## Brief descriptive captions
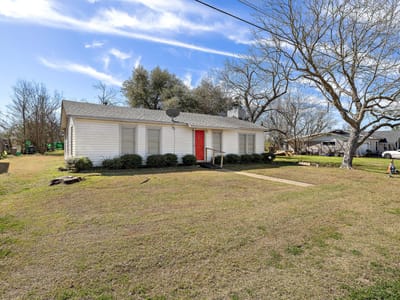 Living area at 712  Vernon St - 3 bed 1 bath home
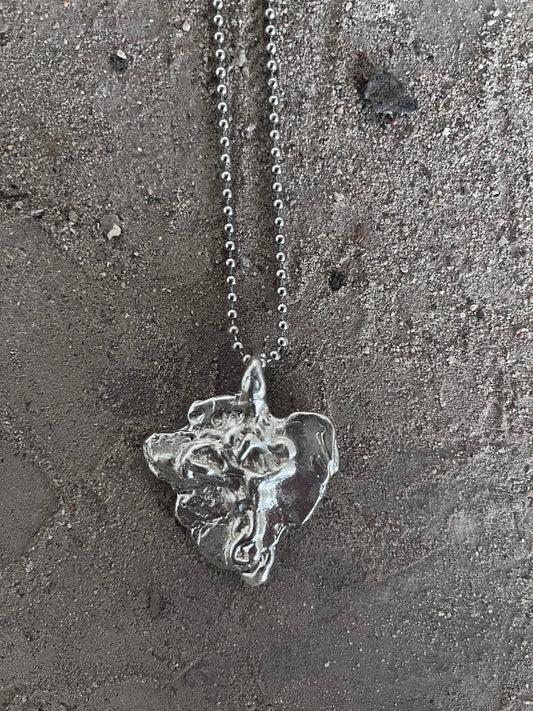 PLEKTRUM PENDANT 01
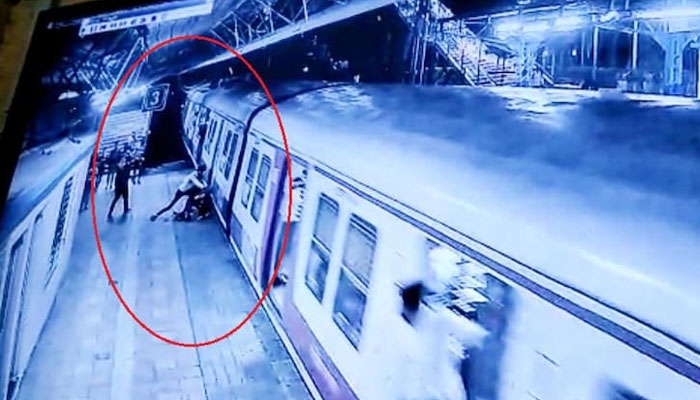 شادی سے انکار پر لڑکی کو ٹرین کے سامنے پھینک دیا
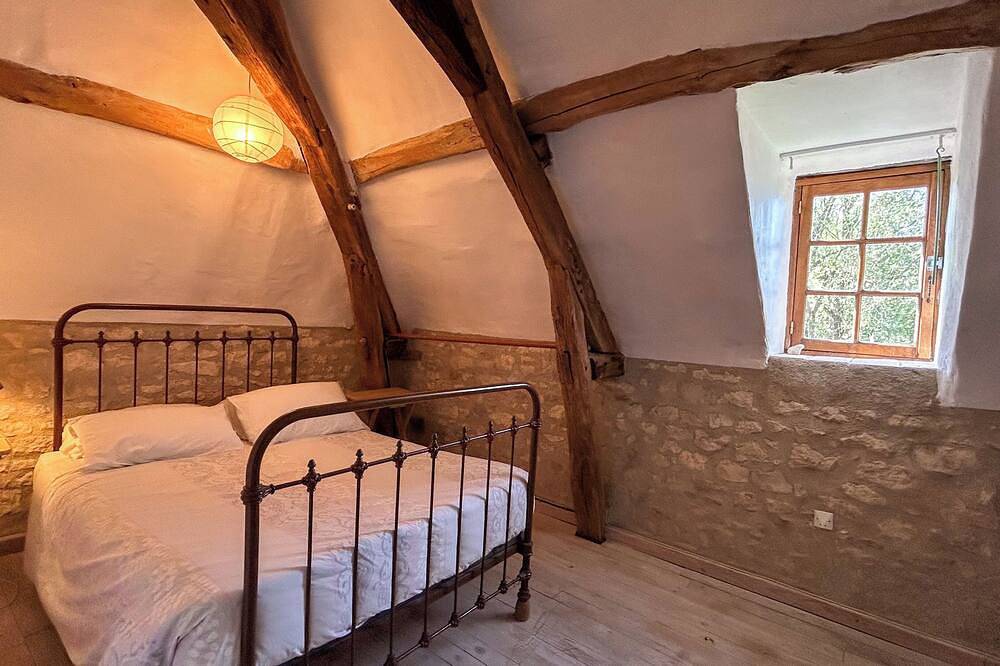 Gîte Le Moulin 8 personnes - piscine et rivière in Lurais, Région de Le Blanc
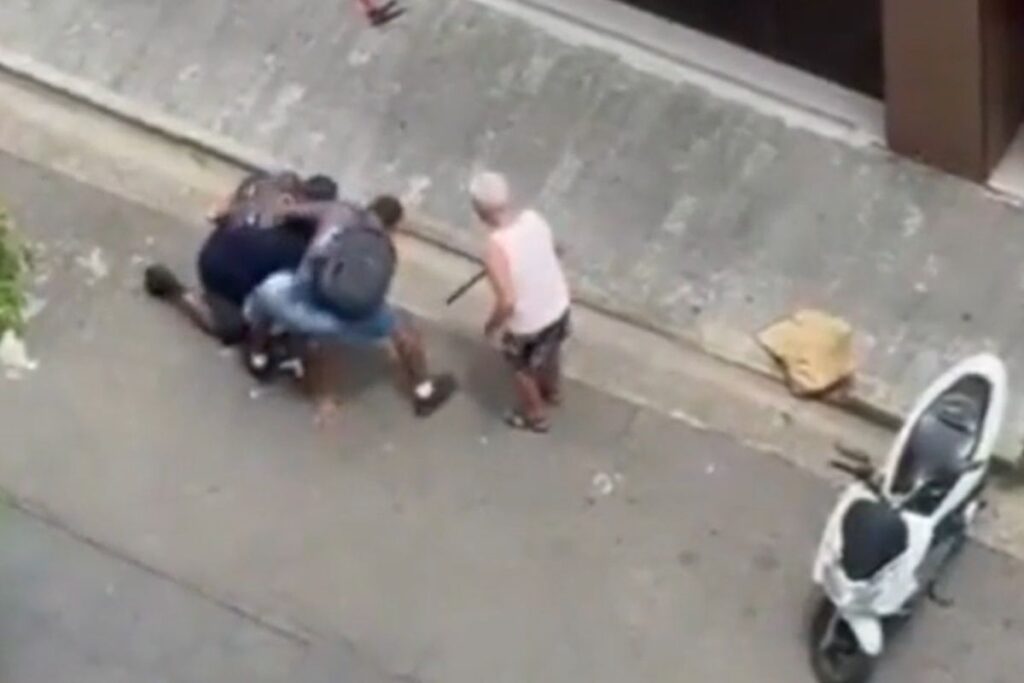 ladrao-e-imobilizado-e-agredido-por-homem-com-bengala-apos-roubo.-video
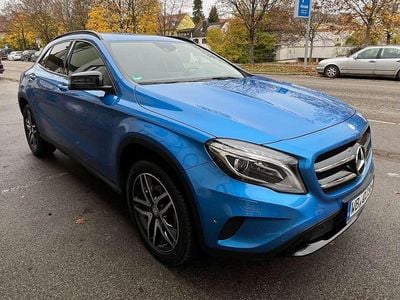 Mercedes GLA200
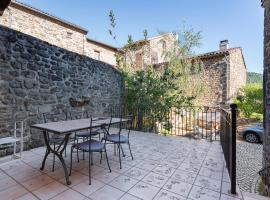 Typical House Completely Renovated, Hotel in Saint-Alban-dʼAy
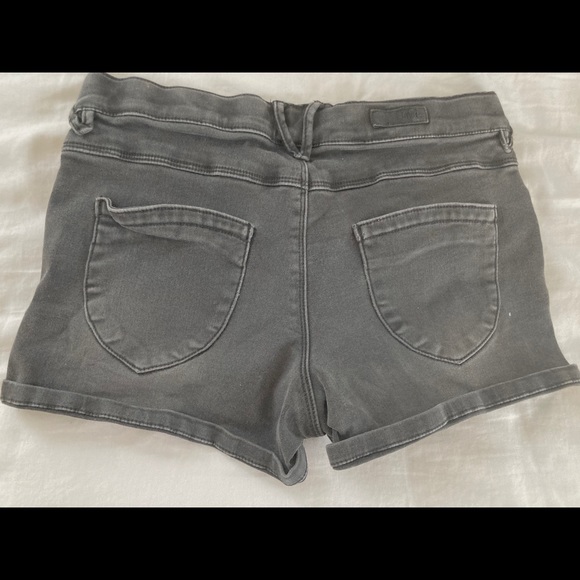 Grey shorts!! - Picture 3 of 3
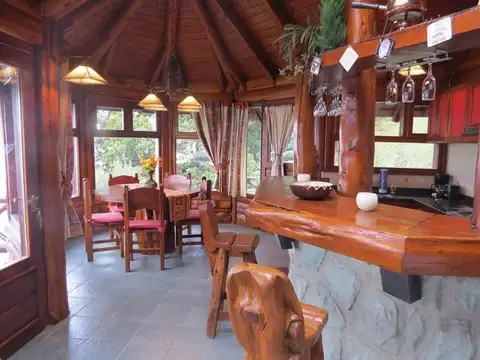 Casa en Alquiler Temporal con 1 cochera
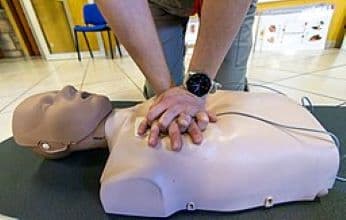 How Husband Saved Wife’s Life by Giving CPR in The ‘Golden Hour’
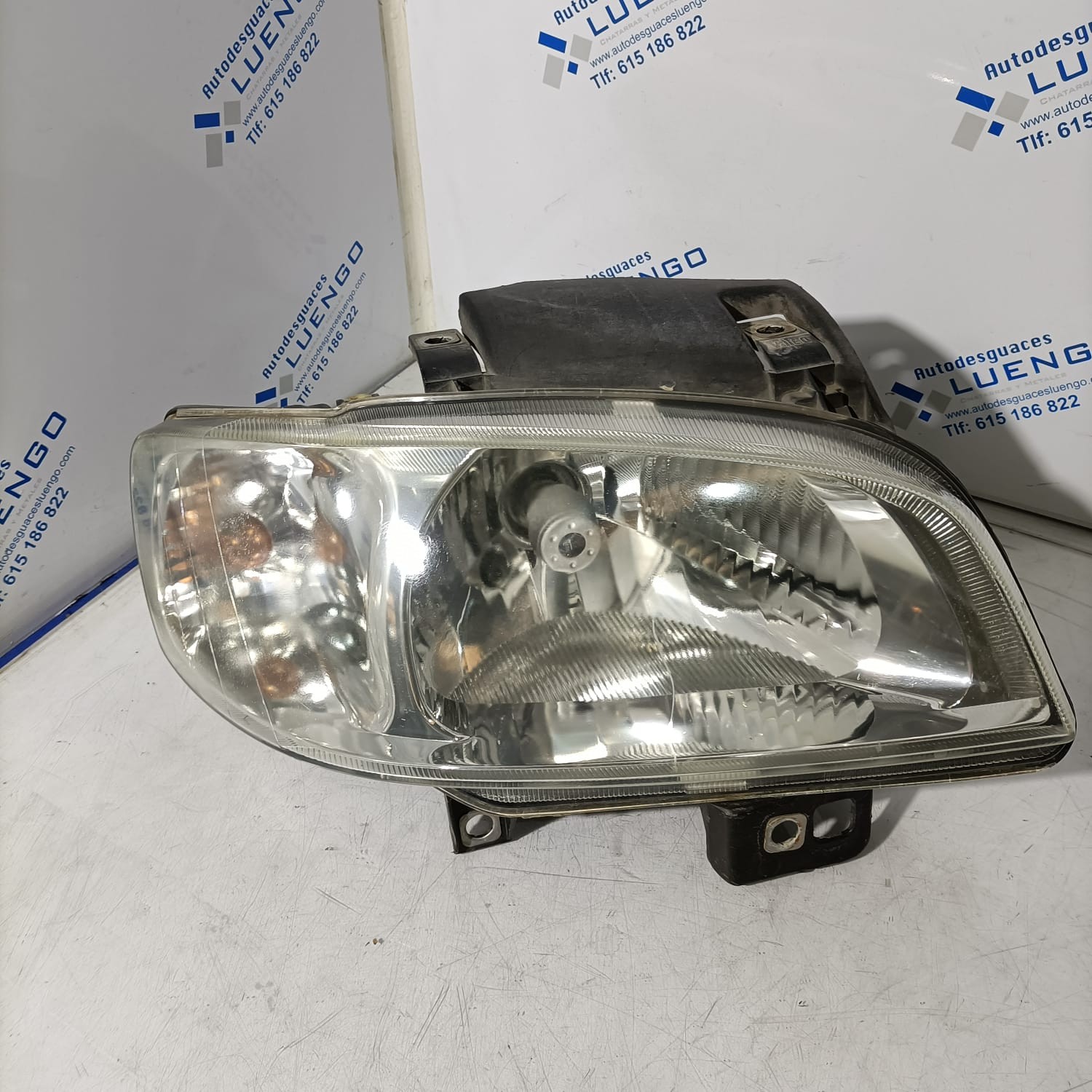 Faro delantero derecho Seat Ibiza 2005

## Problem description
Reproduce, word for word, every line from the one that contains "Grey shorts!! - Picture 3 of 3" to the end of the data, including both ends; omit all pictures.

## Response
 Grey shorts!! - Picture 3 of 3
 Casa en Alquiler Temporal con 1 cochera
 How Husband Saved Wife’s Life by Giving CPR in The ‘Golden Hour’
 Faro delantero derecho Seat Ibiza 2005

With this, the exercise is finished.